Featured image of post LLM's shouldn't always land the plane.

LLM's shouldn't always land the plane.

Pilot's have already learned that we can't delegate all the routine work to computers. Do software engineers need to learn the same lesson?

I went on a skiing holiday over the Christmas break. We were flying into Salzburg airport and the scenery was incredible, the cloud was super low and you could see the Alps stretching out under a winter sunset across the Horizon.

The cabin crew came over the tannoy and said

Can you all please turn all electronic devices completely off before landing. This includes mobile phones. All items must be SWITCHED OFF, not just on flight mode. We’re going to do an automatic landing.

This was super interesting to me, I’d never heard of this requirement before. It turns out that the low cloud meant that we were doing something called a Category III Approach where the cloud was so low the pilots would essentially be flying on instruments until they got to the ground. In these conditions it was easier and safer to do an auto-landing. The airline policy was that non-approved PEDs (your phone) must be “hard off” for auto landing approaches. Presumably to stop any interference with the radar and whatnot.

This gave rise to a second, more interesting question.

If this was a requirement for all auto landings, and I’d never heard it before, was this my first auto-landing? If so, why did we not just auto land all the time?

Again, a little bit of Googling (well, Kagi’ing) told me that Pilots need to practise their flying technique. If they would always fly autopilot, they would lose the skills to fly.. On the face of it, it makes total sense.

But the idea stuck with me all week. You’d have to be living under a rock to not see the change in software development in the last year. Agentic coding is everywhere. I personally use it every day. We’re officially at the point where I can get claude to one-shot small to medium features straight from the ticket. I’ve seen several posts recently from respectable software engineers saying last month was the first month they didn’t open up an IDE, and I can believe it.

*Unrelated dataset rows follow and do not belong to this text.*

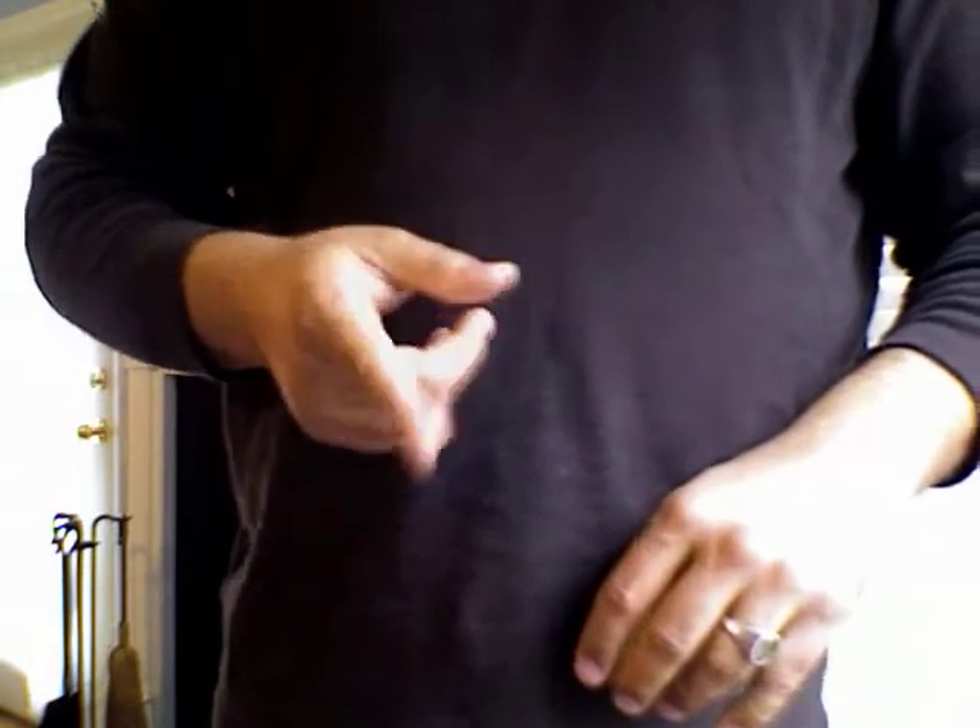Hey, your friendly neighborhood magician back again to show you something kind of amazing with just a plain old American dollar. Can I borrow that? Great, thank you very much.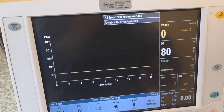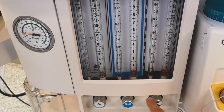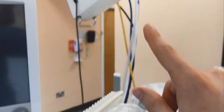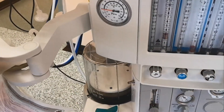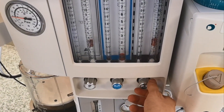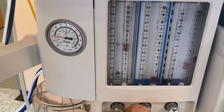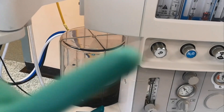The machine is telling me it's unable to drive the bellow because I didn't turn on the gas. The first thing is to open the gas so that air flows from the wall into the machine, passes through the flow meters, and into the circuit. Now that I've opened the flow, you can see the bellow here starts to fill up.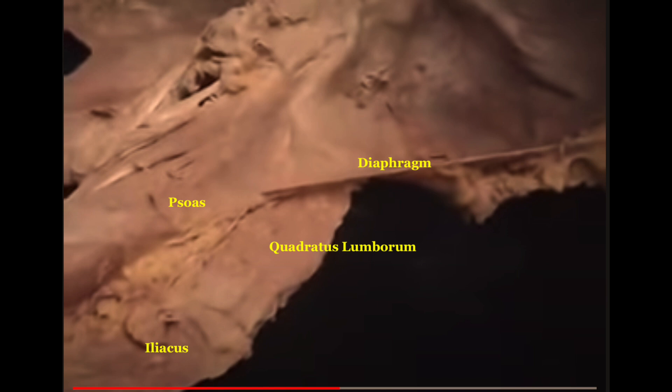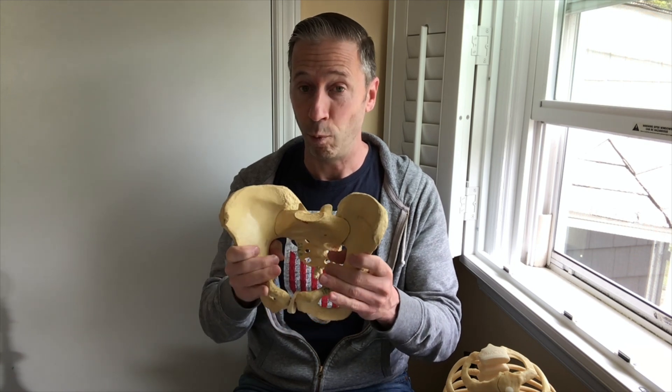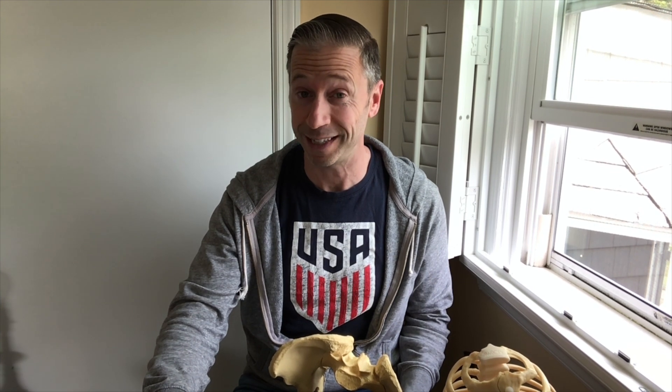If you look at this dissection image — I've shown it in some different videos — you'll see that the iliacus, the QL, the psoas, and the diaphragm are all interconnected. When you go into the left AIC pattern, the psoas on the left side — the hip flexor — will be overactive and will also turn the left leg into external rotation. Once you're in this pattern, the left psoas is overactive, and if it's tight, it attaches to the diaphragm.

And yet, I still find myself handwriting code, but not really knowing why. I totally get that my job is to deliver value and code is just a tool. But I think my job is to deliver value in all possible conditions, just like pilots have to land the plane in the fog.

If I delegate all the doing to the machine, no matter how repetitive it is, I lose the muscle memory that comes with mastering the craft. That in turn means I can only provide value when my internet connection is good and Anthropics servers are working. I can’t land my plane in the fog.

So I don’t think the question is ‘can LLM’s ever catch up’ anymore, they already have in a lot of cases. But regardless of the level of automation available I’ll still keep handwriting code some of the time, to keep the muscle memory.